■そのほか自動車関連/ネタなど

「欧州における自動車業界の指標」ドイツではEV購入補助金の廃止とともにEV販売が28%も減少し「補助金なしではEVが売れない」ことが明らかに。なお2月には新大臣が選出され補助金復活の可能性も

メルセデス・ベンツ

| 「補助金なしでは売れないようでは健全とは言えないが、まだまだEVが高価である以上、補助金の提供は必須かもしれない |

これでは中国の状況をとやかく言うことはできない

さて、アメリカや中国では「EVの販売が伸び」、しかし一方でそのEV需要が伸び悩んでいるのが”環境意識が世界で最も高いはずの”欧州市場。
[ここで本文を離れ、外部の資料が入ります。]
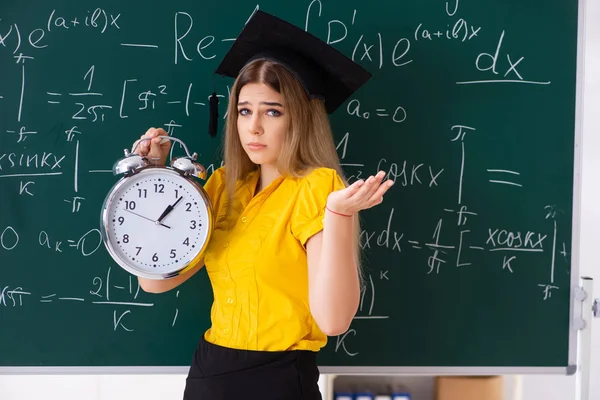 Mladá studentka před tabuli — Stock fotografie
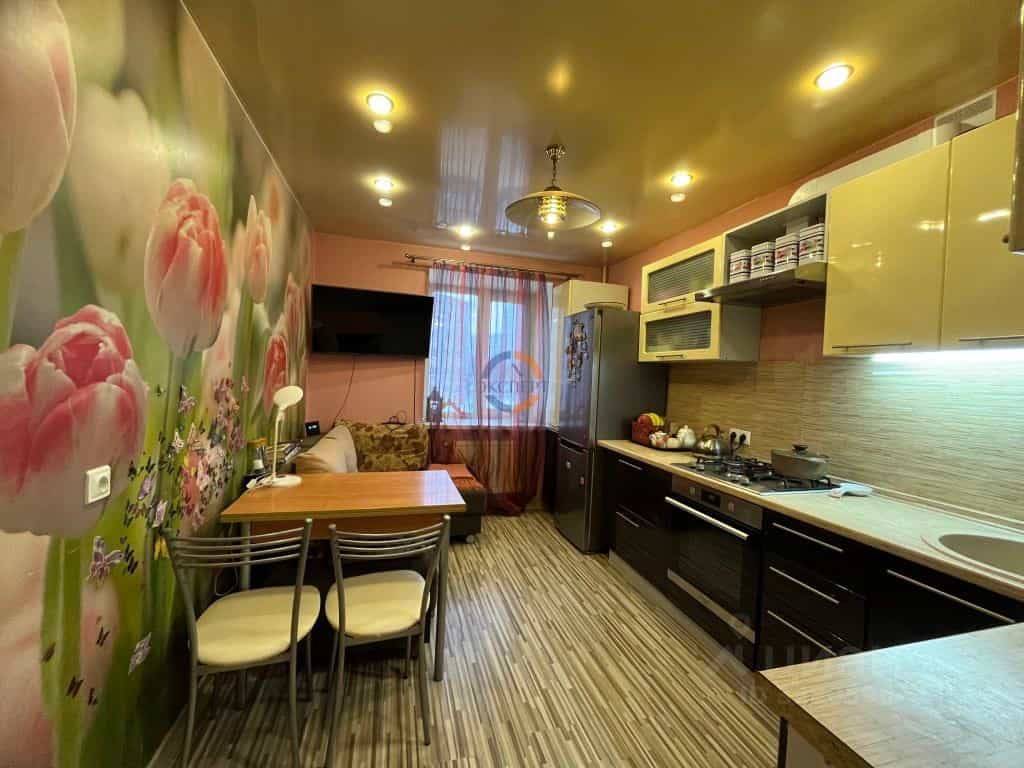 Россия, Великий Новгород, проспект Александра Корсунова, 42к2, фото 24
とくにドイツでは(EV購入のための)補助金を廃止したとたんにEVの販売が27.4%も急落することとなっています。※2023年12月、ドイツ政府はEV購入者に対する最大€4,500のインセンティブを廃止している

結果的にEV(電気自動車)は市場シェアを失ってしまい、2024年の新車販売全体では、わずか13.5%を占めるにすぎなかったと報じられ、この現象についてはあるアナリストが2024年を「電動モビリティの失われた年」と表現したほど。

ヨーロッパ最大の自動車市場にてまさかの「EV低迷」

EV販売が落ち込む一方、ハイブリッド車の販売は12.7%増加し、PHEV(プラグインハイブリッド車)は9.2%増を記録していて、昨年新たに販売されたバッテリー電気自動車(BEV)はわずか380,609台にとどまり、2023年の数値から大幅に減少していますが、ヨーロッパの自動車トレンドの指標とされるドイツにとって、この結果は非常に厳しいものです。

なお、台数についてさらに言及すると、ハイブリッド車は947,398台が販売され(新車販売全体の33.6%)、PHEVだと191,905台(市場シェアは6.8%)。
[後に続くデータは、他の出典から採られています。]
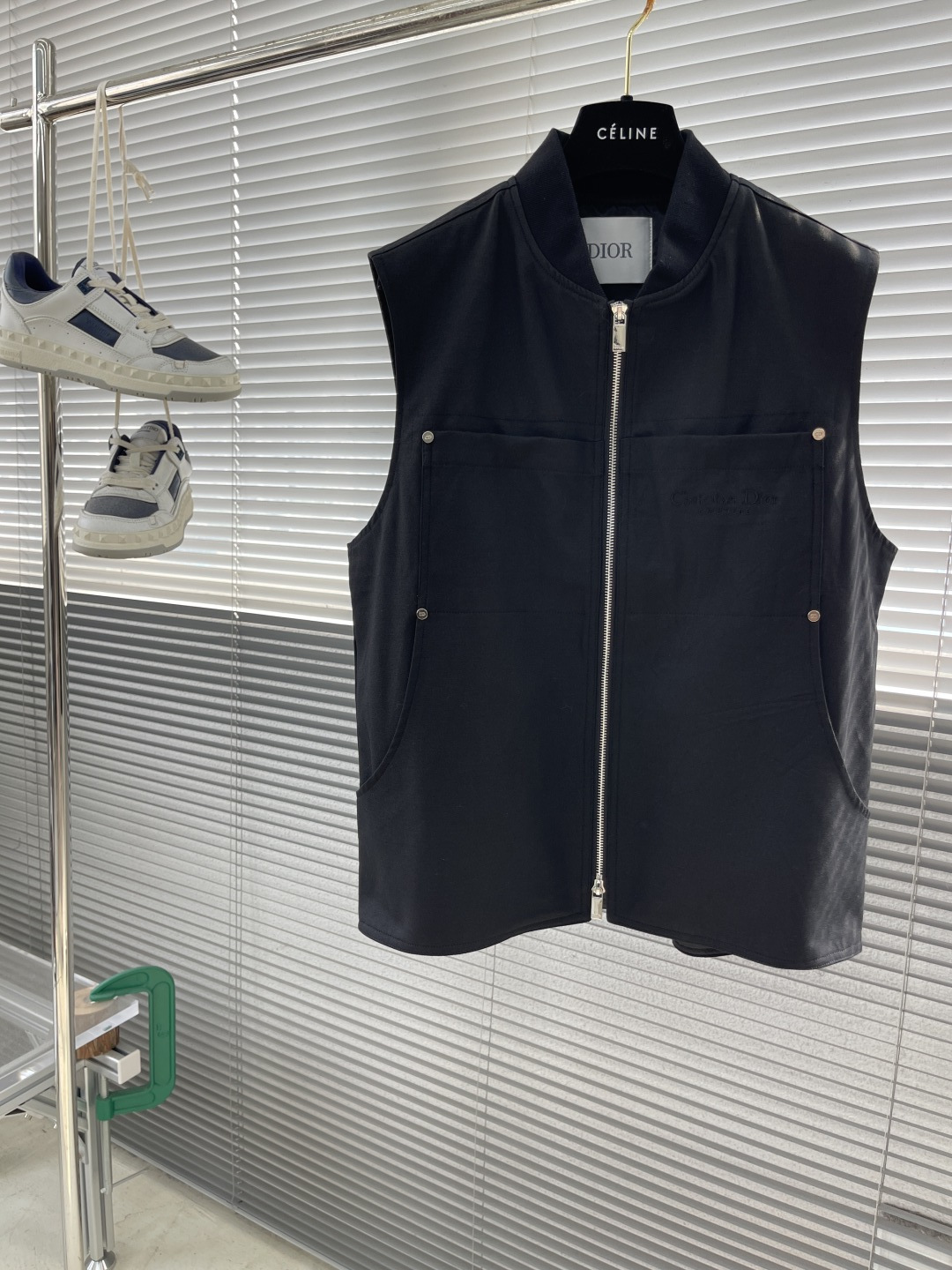 Dior 2025SS Sleeveless Vest with Metal Zip & Pocket Details - Fashion Icon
皮肉なことにガソリン車は引き続き最も一般的なパワートレーンとなり、昨年は991,948台が販売されて全販売の35.2%を占めています。※1.4%ではあるが増加している

L1004670

ドイツでは再び「EV購入補助金」導入の可能性

このドイツ全土でのEV販売不振の主な原因は2023年12月末に実施された補助金廃止にあると推測されていますが、上述のとおり購入者はEV購入時に最大€4,500の補助金を受け取ることができ、製造業者も1台あたり€2,250の支援を受けていたものの、ドイツの交通大臣フォルカー・ウィッシング氏は「EV市場が政府の支援なしに自立するべきだ」と主張してこの補助金を打ち切ってしまったわけですね。

たしかに同大臣の言うことは「もっとも」で、支援がないと成り立たない市場は不健全という印象が否めず、しかし今回の反動を見るに、補助金の打ち切りはいささか時期尚早であったのかもしれません。
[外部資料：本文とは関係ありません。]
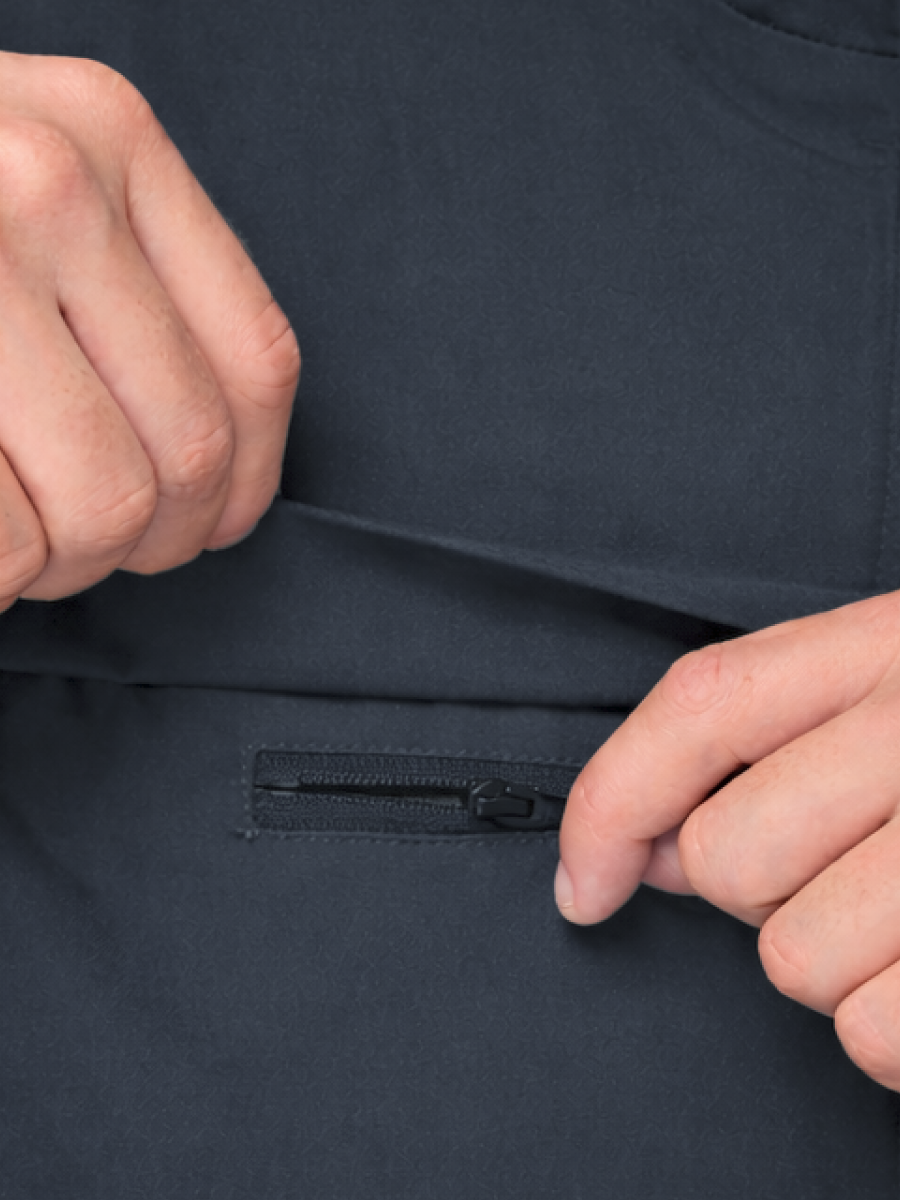 L'Onde Waterproof quarter-zip windbreaker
ただ、EV購入に対する支援を望むドイツ人にとってすべてが失われたわけではなく、2月23日には新しい大臣が選出される予定だといい、オラフ・ショルツ首相は「EUレベルでの新たな支援プログラムが導入される可能性」を示唆しています。

実際のところ、多くの政治家が自動車産業へのさらなる支援を訴えており、EUが新たな内燃機関車の販売禁止に向けた計画を推進する中、業界全体への支援の重要性が増しており、今後の対応に注目が集まります。

L1005032

参考までにですが、この補助金打ち切りは自動車メーカーの中でも大きく明暗が分かれ、フォルクスワーゲンは市場を支配し536,888台(3.4%増)を販売して19.1%の市場シェアを確保。

しかしEVオンリーのラインアップであるテスラは販売が41%急落してわずか37,574台にとどまっていて、この結果は、補助金削減と経済の不確実性が「EV業界の巨人」にも影響を及ぼしたことを示すものにほかなりません。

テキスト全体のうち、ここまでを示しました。